Quien le iba a decir a Freddy Girarded, uno de los cocineros
más geniales y perfeccionistas de finales del siglo XX,
que sus recetas de setas se iban a quedar trasnochadas quince
años después de su publicación en La Cocina
Espontánea. Sostenía tan célebre chef que,
en general, las setas había que hacerlas hasta que soltasen
todo el agua y ésta acabara evaporándose al calor
del fuego. En consecuencia, ese proceder determinaba sustanciales
alteraciones de color, texturas y, sobre todo y lo que es más
importante, de cualidades organolépticas.
La grandiosidad de la trufa es su aroma, el más valorado
en la gastronomía mundial. ¿En qué porcentaje
disminuye si se cocina? En el tema de la blanca, cualquier cocción
define la pituitaria del chef. En lo que respecta a la negra,
admite más posicionamientos, aunque nunca debe ir más
lejos de la impregnación de calor. Si lo que se quiere
verdaderamente es saborear la trufa, resulta imprescindible adquirir
un buen caldo de trufa negra, que éste si satura de manjarosidad.
Perretxikos y hongos
Entre las muchas setas que nos brinda la estacionalidad hay
dos que se valoran sobremanera en España. Una es el perretxiko
o sisa (tricoloma georgi), al que se le pueden aplicar criterios
muy similares a los expuestos respecto de la trufa.
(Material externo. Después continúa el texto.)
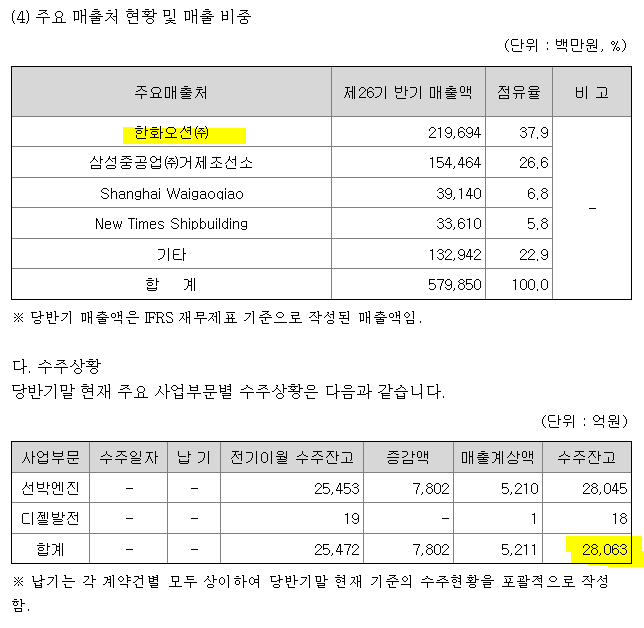  한화엔진 2330억 선박 엔진 수주, 한화엔진 수주 잔고 3조원 돌파, 선박엔진 숏티지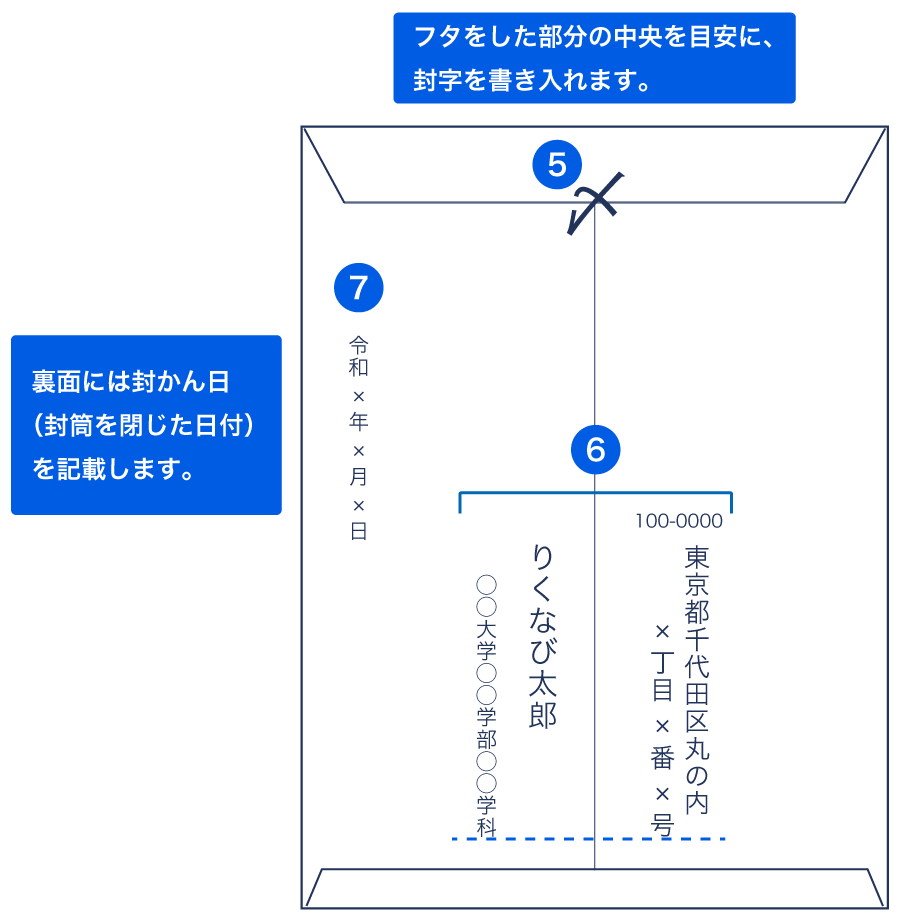 封筒の裏面の書き方見本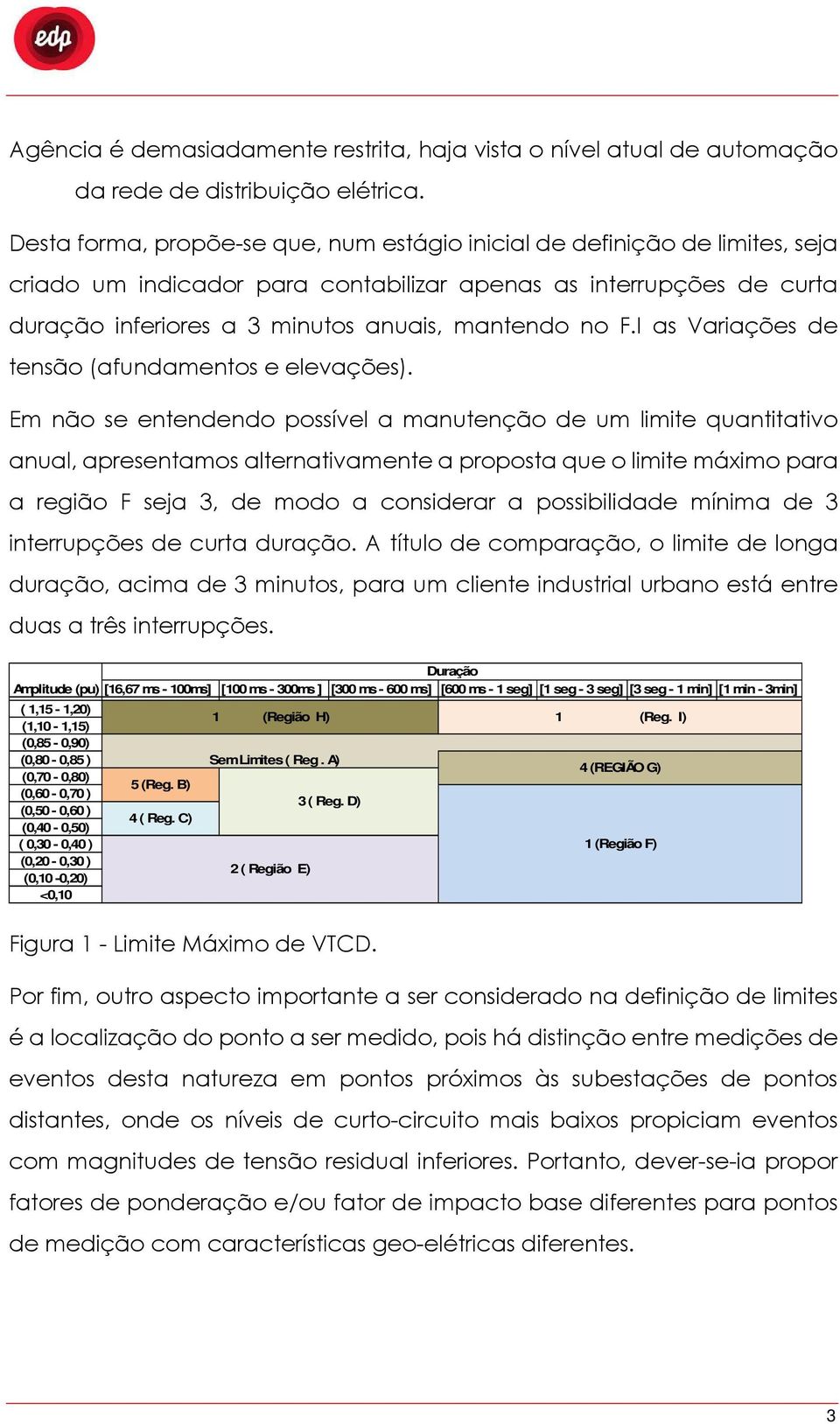 F.I as Variações de tensão (afundamentos e elevações).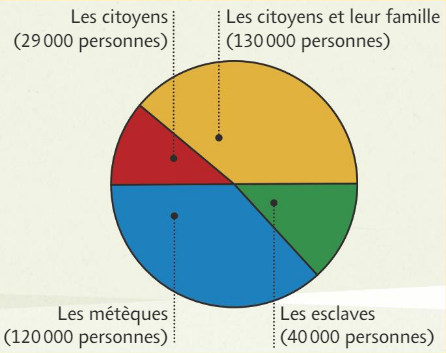 La répartition de la population de la cité-État d'Athènes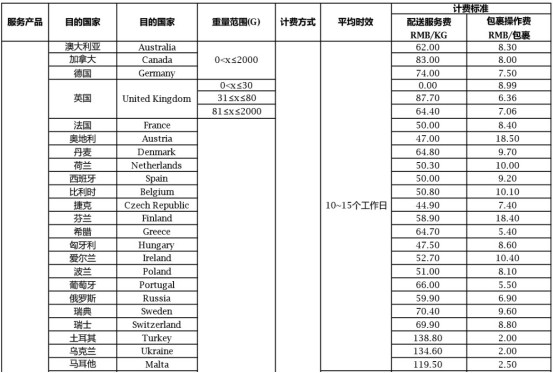 ebay降额怎么恢复,ebay下调业绩预期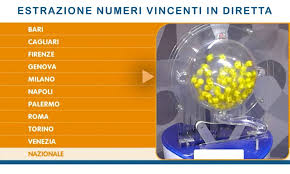 Questi i numeri estratti per il gioco del lotto di martedì 27 aprile 2021 Estrazioni Del Lotto Simbolotto Superenalotto Di Oggi 2 Gennaio 2021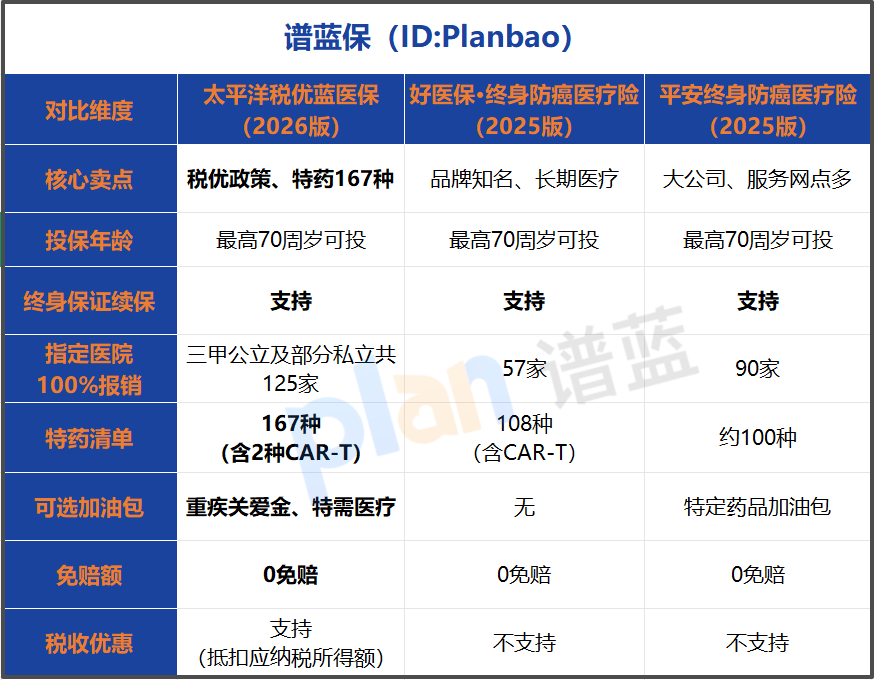 2026防癌险理赔千万别踩坑！手把手教你税优蓝医保理赔流程，这两项升级太实用
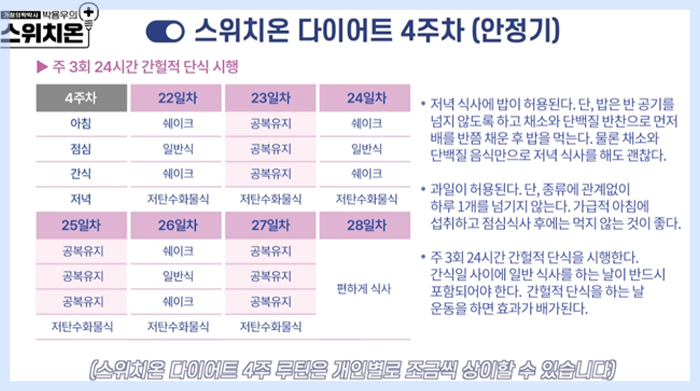 스위치온 다이어트 식단 4주차 이미지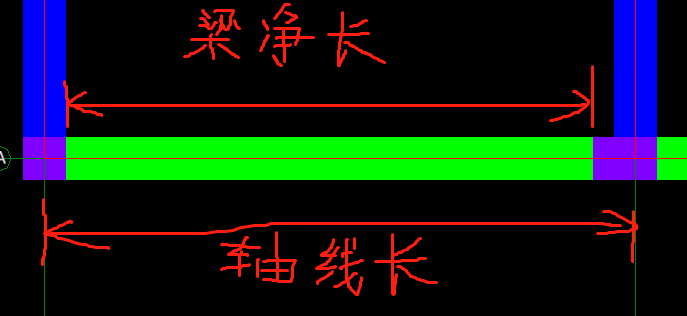 梁净长与梁轴线长度不一致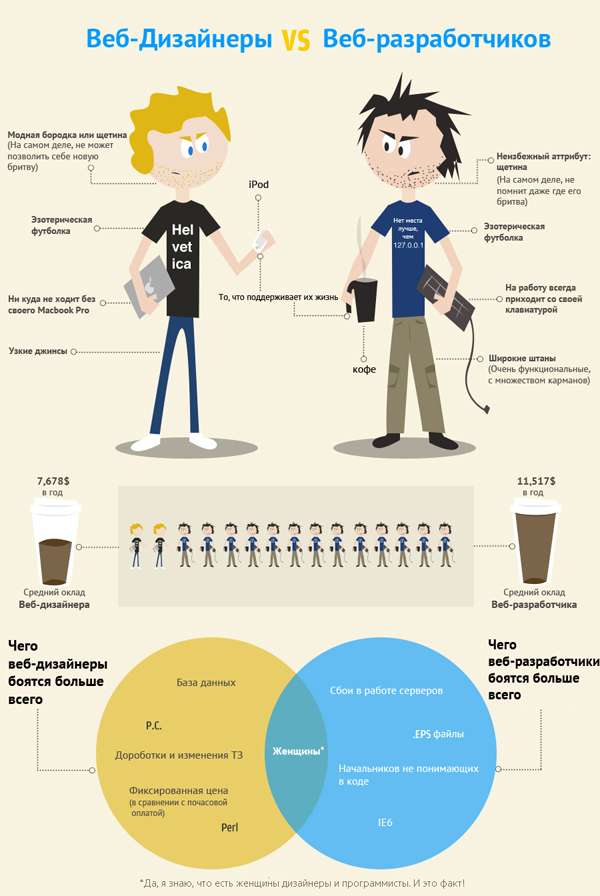 Инфографика:веб-дизайнеры vs веб-разработчики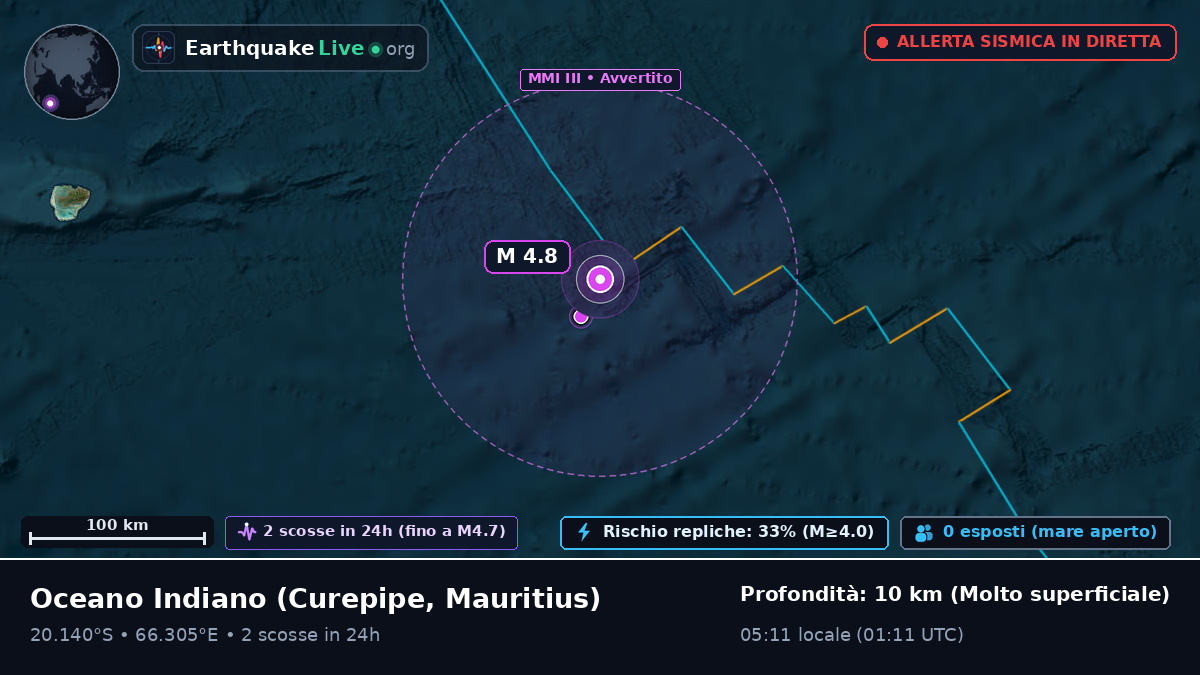 Oceano Indiano (Mauritius)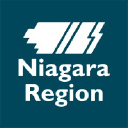 NIAGARA REGION logo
Su extraordinario
poder aromático se desvanece con la hechura, y cuanto
más prolongada sea la cocción, más inodora
terminará resultando. Crudas huelen a campo, a bosque,
a madera a naturaleza en suma. Laminadas y dispuestas en una
ensalada es la fórmula que más exquisitamente expresa
sus virtudes, su gusto asilvestrado.
Lo más atrevido que la seta admite, especialmente para
aquéllos que no se atrevan con la pureza, es un calentón.
Pero eso sí, no ha de ir más allá de tomar
temperatura; nunca guisar. En función del tamaño
y la cantidad, uno o dos minutos bastan para luego preservar
en boca sus jugos y esencias.
La otra especie, el hongo o cep (boletus edulis), tiene una
idiosincrasia netamente diferente. No posee tan exuberantes fragancias,
pero sin embargo gana al perretxiko o sisa en textura, mostrándose
infinitamente más carnosa. Se deja hincar el diente, hasta
lo exige, deparando una sensación táctil más
placentera. Y en lo que respecta al sabor, sí caben apreciaciones
subjetivas en la comparación. Puede agradar más
una que otra, pero nos da la impresión de que lleva las
de ganar el boletus edulis.
Aunque el hongo o cep se puede comer perfectamente crudo,
resulta ideal tras pasar por un ligero salteado, por una instantánea
pasada de plancha, la precisa para calentar las láminas.
Así conserva impecable su estructura, que no ha de alterarse
lo más mínimo. El calor, sin duda, potencia el
gusto sin perjudicar los aromas, que en este caso no son su punto
fuerte. Y una ventaja añadida es que las setas poco o
nada hechas cunden más, aunque la cantidad sea menor.